A thin, tall, upright, serious, slender maid,
Who in her own romantic regions strayed.
Kind were the lady's looks, her eyes were bright,
And swam, methought, in exquisite delight.
A lovely red suffused the virgin cheek,
And spoke more plainly than the tongue can speak;
Plainly all seemed to promise love and joy,
Nor feared we aught that might our bliss destroy.

What demon in his spite

And lead me curious on against all sense of right?
To love and man could my frail mind excite,
There met my eye, unclosed, a closet door.
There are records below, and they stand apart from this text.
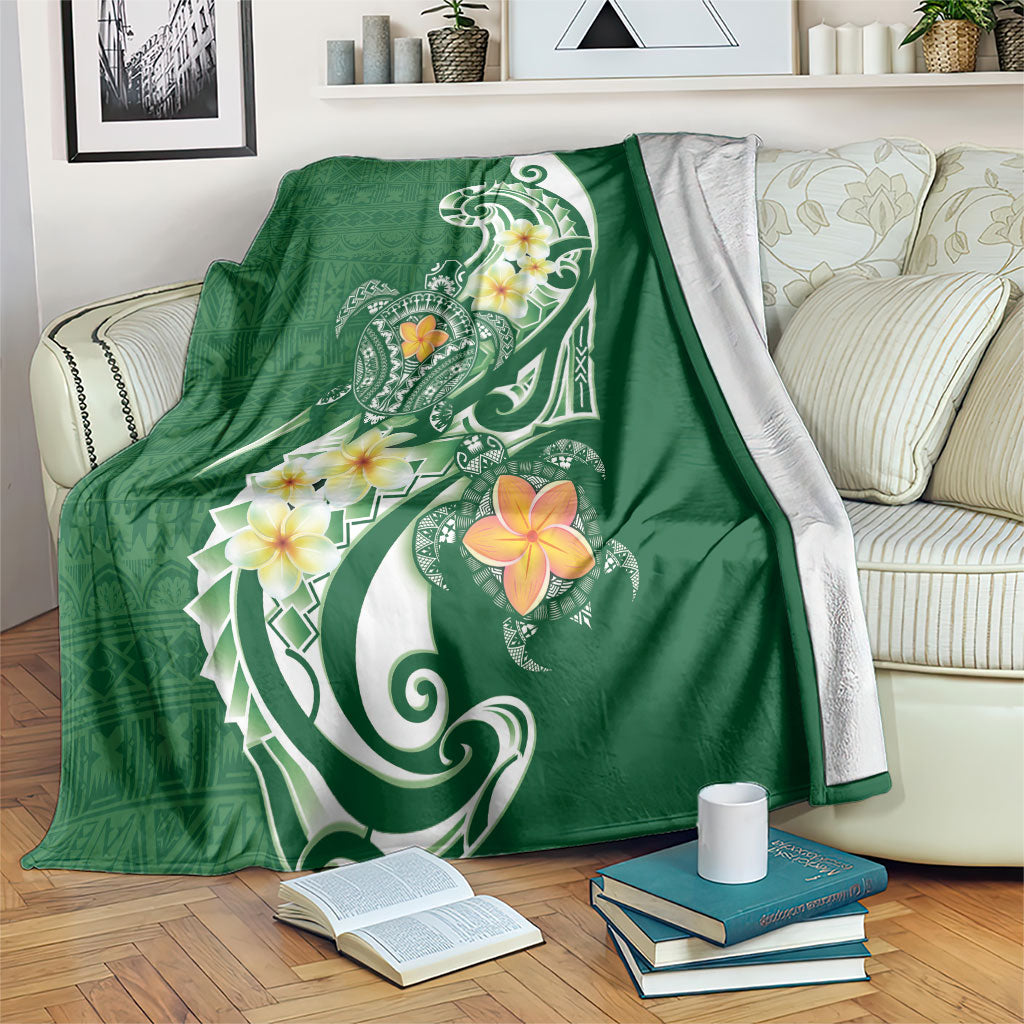 Bula Fiji Tapa Turtle Blanket Plumeria Fijian Masi Vonu Green LT14 Green - Polynesian Pride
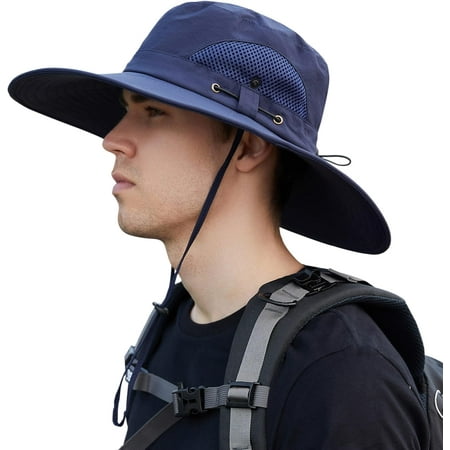 Mens Sun Hats UPF 50+ Waterproof Mesh Wide Brim Bucket Fishing Hat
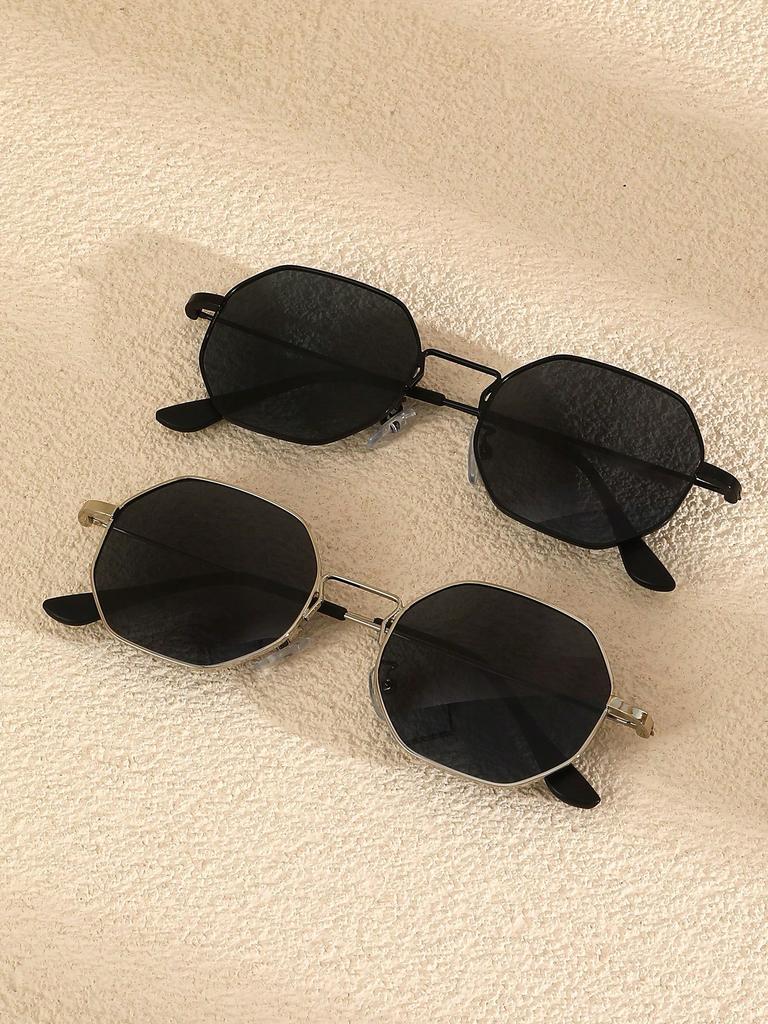 2PCS Fashion Cool Geometric Metal Frame Women Sunglasses For Men Outdoor Daily Life Shades Eyewear Accessories.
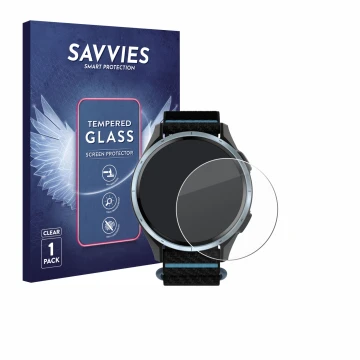 Face avant d’un emballage produit avec le logo de la marque Savvies. À côté, l’appareil Garmin Approach J1 est représenté avec
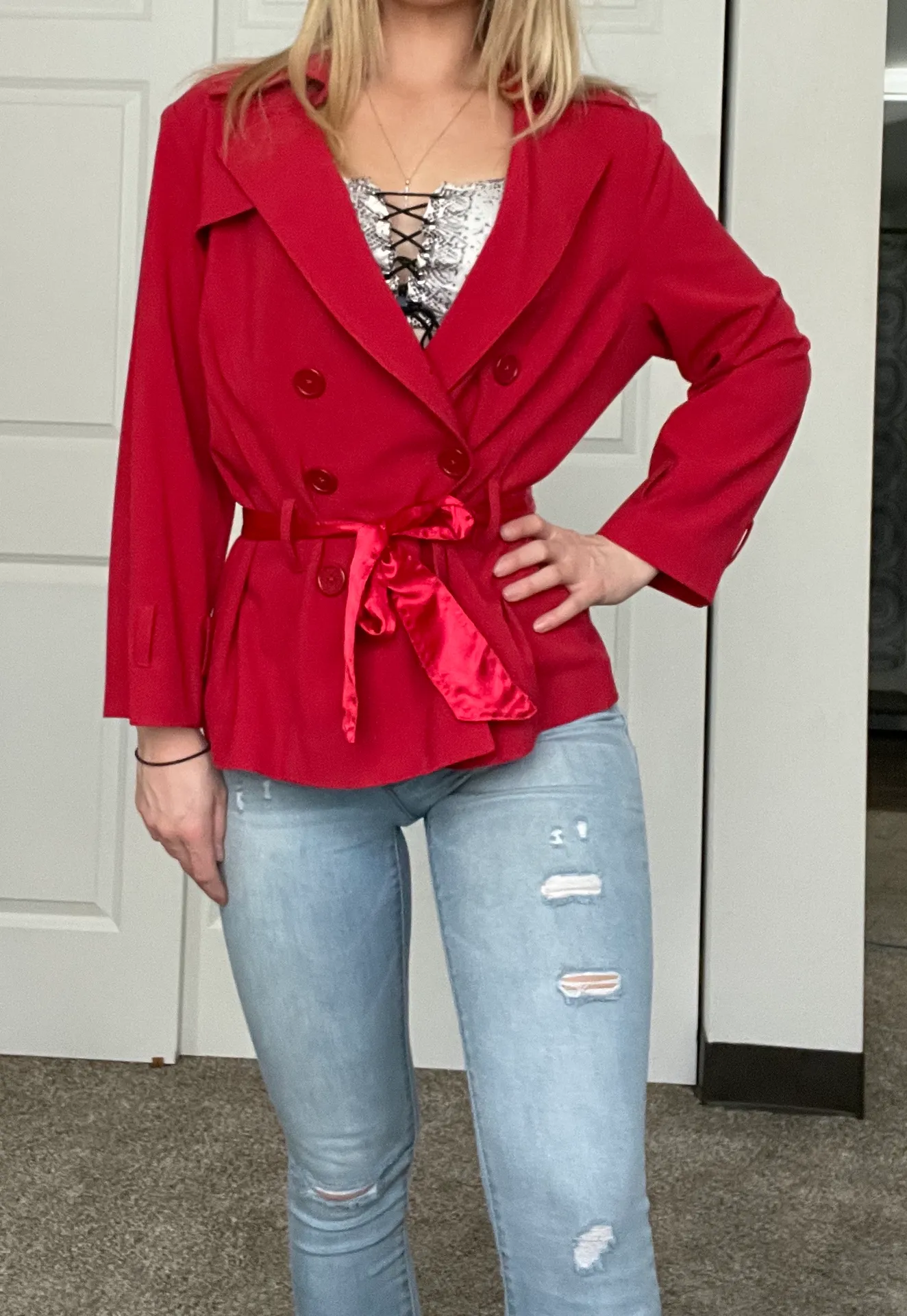 Red Trench Style Coat - Image 3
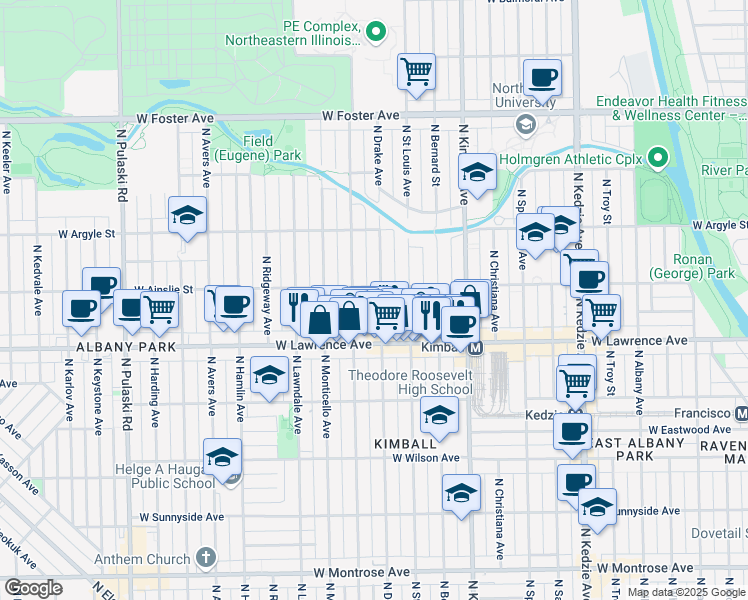 map of restaurants, bars, coffee shops, grocery stores, and more near 4846 North Drake Avenue in Chicago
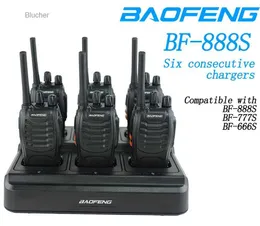 Рация Baofeng 888s, 6 упакованных полных комплектов с шестизарядным устройством, УВЧ, 2-полосная радиостанция, портативная рация baofeng BF-666S 777S Walkie Talkie AcL2403L2403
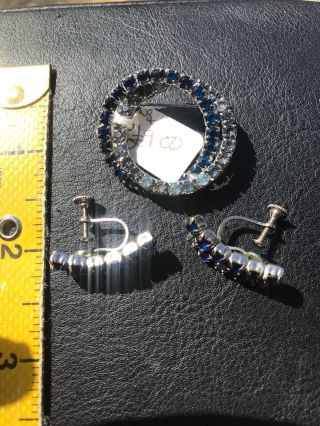 1960s Earrings And Pin Set Blue Vintage Antique Costumes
I went, I saw-shall I describe the hoard
Of precious worth in sealed deposites stored
Of sparkling hues? Enough, enough, is told,
T is not for man such mysteries to unfold.
In that blue liquid that restrained their flame,
Thus far I dare, whene'er those orbits swam
As showers the sunbeams, when the crimson glow
Of the red rose o'erspread those cheeks of snow;
I saw, but not the cause-'t was not the red
Of transient blush that o'er her cheek was spread ;
"T was not the lighter red that partly streaks
The Katherine pear that brightened o'er her cheeks,
Nor scarlet blush of shame-but such disclose
The velvet petals of the Austrian rose
When first unfolded, warm the glowing hue,
Nor cold as rouge, but deepening on the view.
Such were those cheeks-the causes unexplored,
Were now detected in that secret hoard.